Daneel is one of the two protagonists of Asimov's Robot series books The Caves of Steel (1953), The Naked Sun (1956), and The Robots of Dawn (1983). In these books, he works with human detective Elijah Baley to solve unusual murders. Along with the murder mystery aspect, the stories focus on discussions regarding space exploration and human societal norms, and show an evolution in both the friendship developing between the two characters and Daneel's personal sense of morality. He and Elijah also appear in the short story "Mirror Image" (1972).

Daneel also appears in Robots and Empire (1985), a book that acts as a bridge between Asimov's Robot series and his Foundation series, the latter of which takes place during and after the age of the galaxy's First Empire.
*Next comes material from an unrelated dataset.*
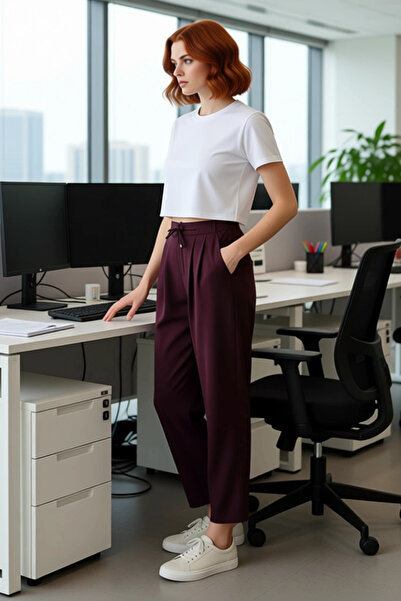 PayBuy Women's Khaki High Waist Harem Cut Lace-Up Pants Functional Durable Quality Aesthetic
In the prequels and sequels to the original Foundation trilogy, a character is revealed to be Daneel now living under a different identity, meaning he has survived for thousands of years, living through the entire era of the First Empire and beyond. By this point, he has replaced much of his body with new hardware, though his mind still operates under the Three Laws of Robotics.

== Character biography ==
Daneel is a robot built by Roj Nemennuh Sarton and Han Fastolfe, who are Spacer roboticists from the planet Aurora, in the year 4920 AD. Although designed and built by Auroran roboticists, Daneel was constructed on Earth. He is the first humanoid, or "humaniform," robot ever constructed and is outwardly indistinguishable from a human being. This "undercover" attribute enables him to help New York City Police detective Elijah Baley solve crimes. Daneel and Baley first meet while Baley is investigating the murder of Daneel's co-creator Sarton in Spacetown. Daneel is physically a perfect likeness of Dr. Sarton.
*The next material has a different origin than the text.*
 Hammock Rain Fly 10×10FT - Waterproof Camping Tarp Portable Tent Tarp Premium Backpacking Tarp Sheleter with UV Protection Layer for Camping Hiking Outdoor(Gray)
Daneel has a broad, high-cheekboned face and short bronze hair lying flatly backward and without a parting. He wears clothes and, in The Caves of Steel, cannot be told apart from a human unless in a situation where he refuses to violate the Three Laws of Robotics, and even in this case is indistinguishable from a particularly altruistic person. In The Caves of Steel, Daneel reveals that he has the capability to perform cerebroanalysis enabling him to interpret the emotional makeup of human brain activity. In Robots and Empire, Daneel gains the ability to influence the mental state of other creatures, human or robot, and, presumably, animal. Daneel gains this ability as a result of voluntary acceptance of reprogramming instructions from R. Giskard Reventlov.
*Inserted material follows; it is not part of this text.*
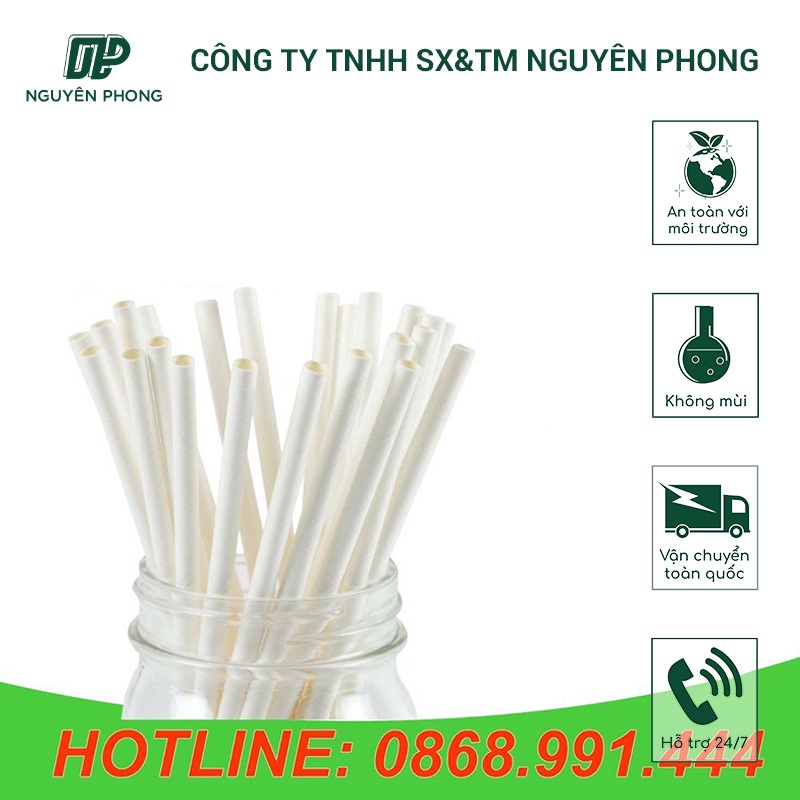 Túi 100 ống hút giấy trắng 6,8,12mm uống cafe, trà, sinh tố, cà phê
== Relationship with Elijah Baley ==
Daneel is introduced in the book The Caves of Steel, where he is tasked to assist Elijah Baley in the investigation of the murder of his creator, Roj Nemennuh Sarton. The book shows Earth's prejudice against robots, explaining why a humanoid robot was assigned to the case. Initially Baley is suspicious of Daneel and constructs two separate theories in which the Robot is responsible for the murder. The first supposition is that Daneel is in fact Sarton pretending to be a robot; the second supposition is that Daneel lacks the Three Laws. After both theories are disproven, Baley begins to feel a friendship with Daneel. At the same time, watching Baley gives Daneel a more nuanced view of justice, coming to understand that it is better to convert evil to good than to simply destroy evil.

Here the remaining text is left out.